Work request. What is needed is an exact copy of the lines from the start of the records below through the line with "Romantic middle age", without the pictures.

Items from a dataset.
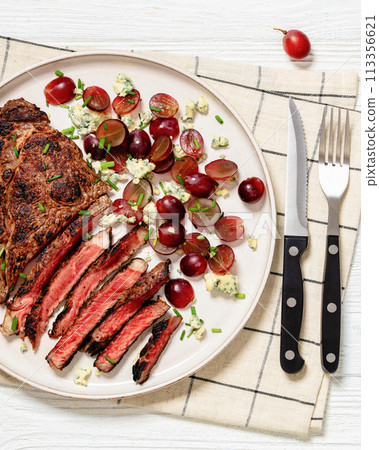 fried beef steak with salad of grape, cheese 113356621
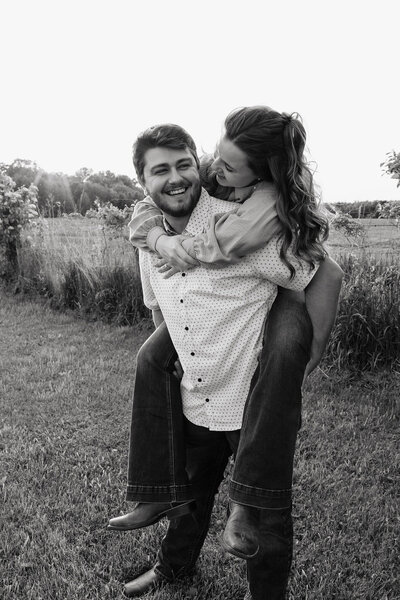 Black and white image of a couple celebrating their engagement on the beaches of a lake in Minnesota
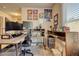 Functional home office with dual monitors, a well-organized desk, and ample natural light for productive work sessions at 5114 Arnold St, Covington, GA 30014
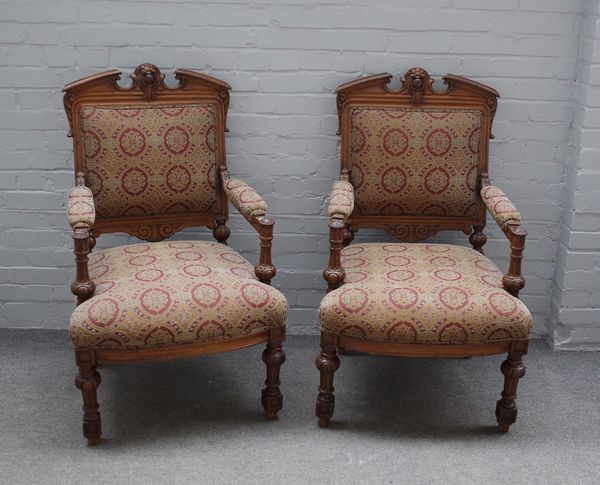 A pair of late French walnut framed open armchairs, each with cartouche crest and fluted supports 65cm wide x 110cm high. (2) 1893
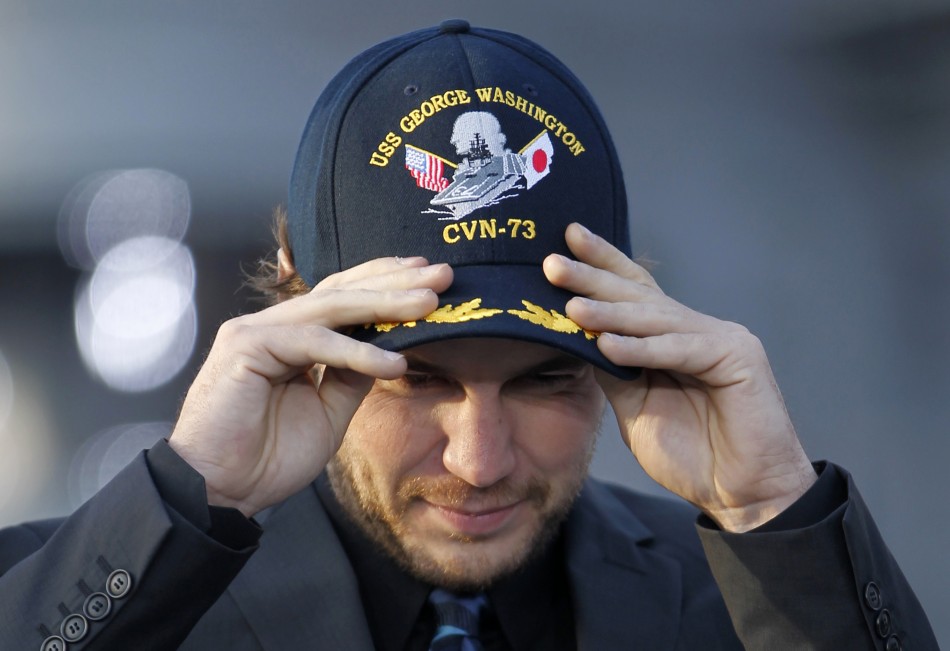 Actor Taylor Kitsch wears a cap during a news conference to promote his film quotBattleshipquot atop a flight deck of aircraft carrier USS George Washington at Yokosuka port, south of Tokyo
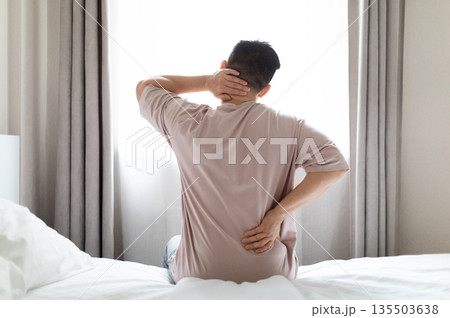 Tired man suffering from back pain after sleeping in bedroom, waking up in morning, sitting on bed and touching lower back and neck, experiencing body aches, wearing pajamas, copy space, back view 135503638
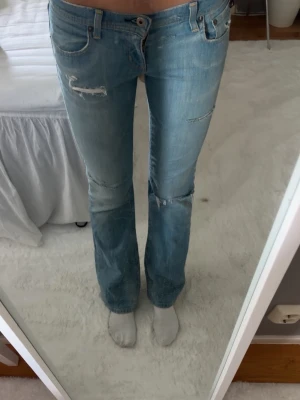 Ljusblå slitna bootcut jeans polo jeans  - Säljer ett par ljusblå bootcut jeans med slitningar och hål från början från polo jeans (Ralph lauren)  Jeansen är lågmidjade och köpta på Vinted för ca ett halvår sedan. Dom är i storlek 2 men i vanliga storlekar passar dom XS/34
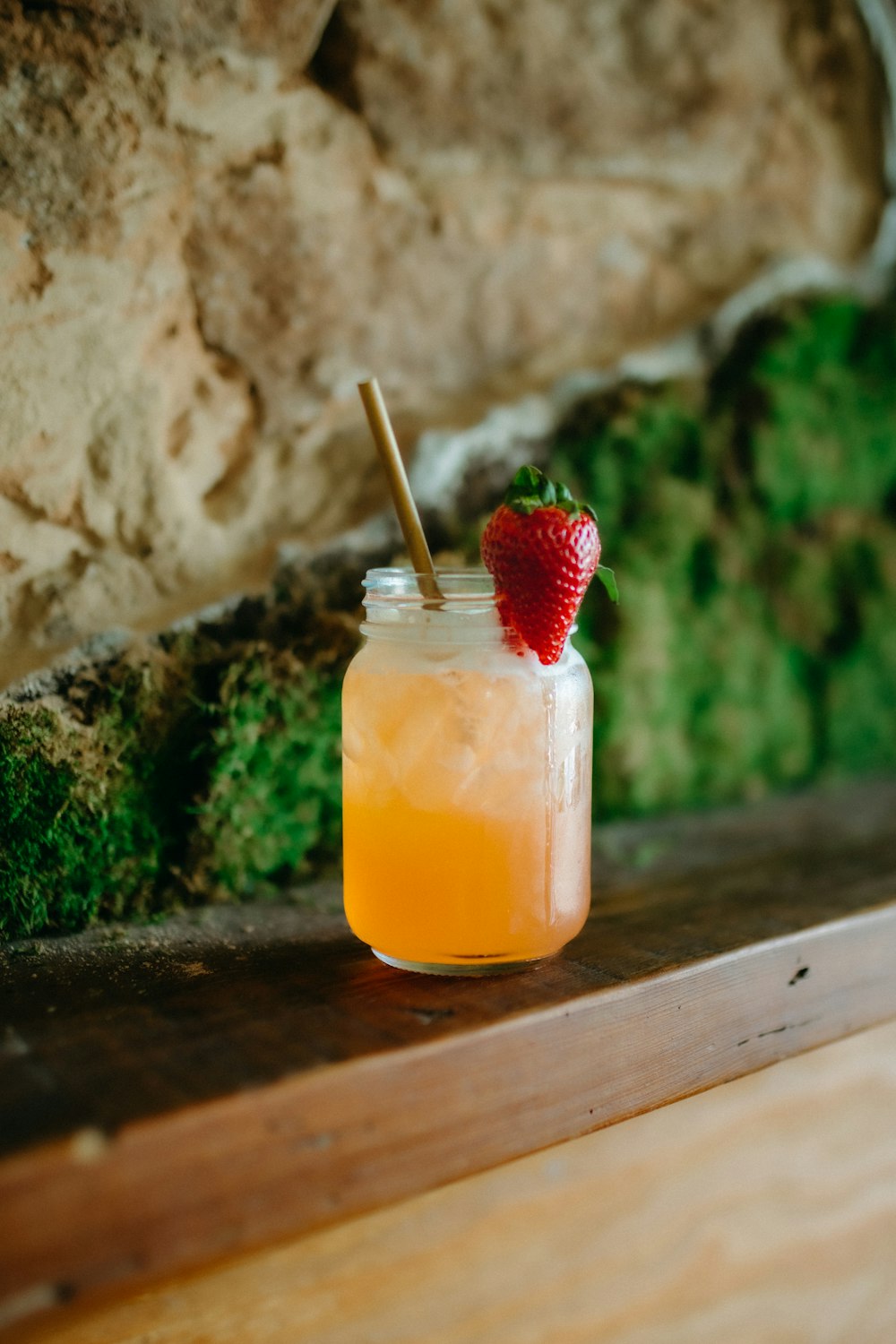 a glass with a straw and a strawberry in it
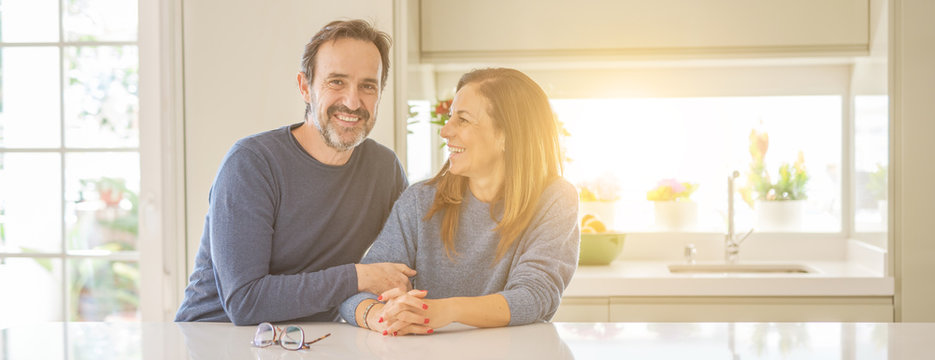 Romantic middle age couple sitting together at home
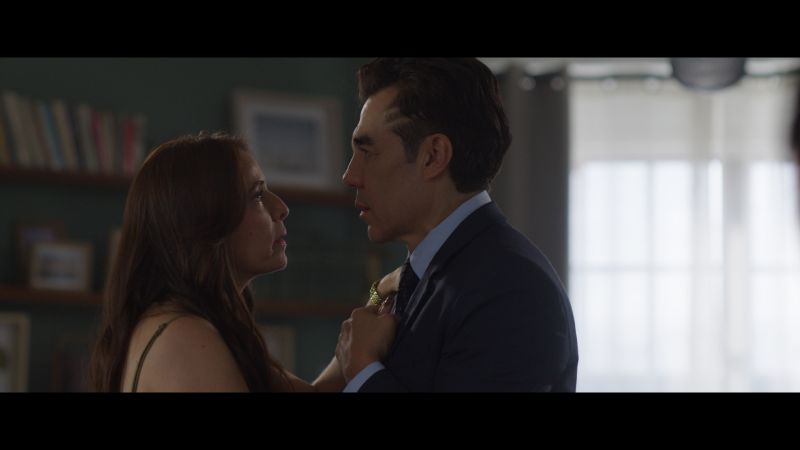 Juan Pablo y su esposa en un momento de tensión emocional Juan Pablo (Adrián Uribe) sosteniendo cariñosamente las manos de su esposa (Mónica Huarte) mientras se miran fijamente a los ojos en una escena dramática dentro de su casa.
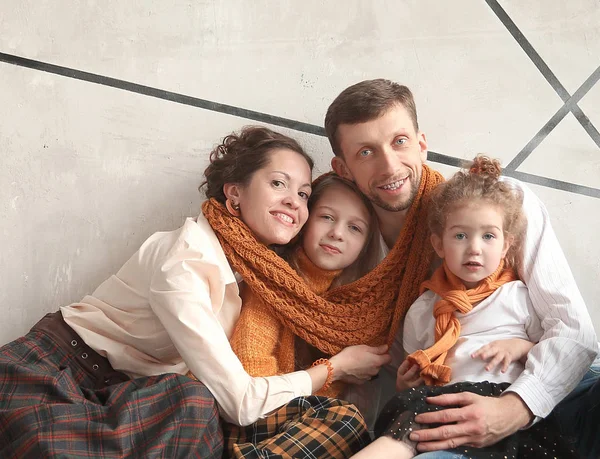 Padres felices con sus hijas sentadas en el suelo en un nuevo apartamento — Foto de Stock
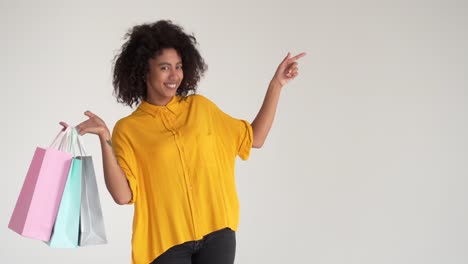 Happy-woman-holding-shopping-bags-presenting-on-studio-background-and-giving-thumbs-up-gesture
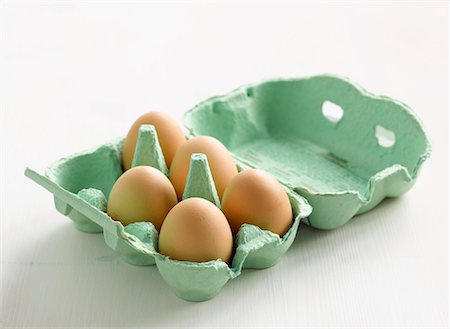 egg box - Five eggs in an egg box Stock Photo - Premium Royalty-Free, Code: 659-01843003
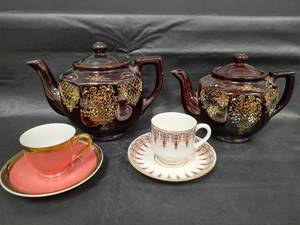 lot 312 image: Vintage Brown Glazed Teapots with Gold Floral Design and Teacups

Solution for this exercise.
 fried beef steak with salad of grape, cheese 113356621
 Black and white image of a couple celebrating their engagement on the beaches of a lake in Minnesota
 Functional home office with dual monitors, a well-organized desk, and ample natural light for productive work sessions at 5114 Arnold St, Covington, GA 30014
 A pair of late French walnut framed open armchairs, each with cartouche crest and fluted supports 65cm wide x 110cm high. (2) 1893
 Actor Taylor Kitsch wears a cap during a news conference to promote his film quotBattleshipquot atop a flight deck of aircraft carrier USS George Washington at Yokosuka port, south of Tokyo
 Tired man suffering from back pain after sleeping in bedroom, waking up in morning, sitting on bed and touching lower back and neck, experiencing body aches, wearing pajamas, copy space, back view 135503638
 Ljusblå slitna bootcut jeans polo jeans  - Säljer ett par ljusblå bootcut jeans med slitningar och hål från början från polo jeans (Ralph lauren)  Jeansen är lågmidjade och köpta på Vinted för ca ett halvår sedan. Dom är i storlek 2 men i vanliga storlekar passar dom XS/34
 a glass with a straw and a strawberry in it
 Romantic middle age couple sitting together at home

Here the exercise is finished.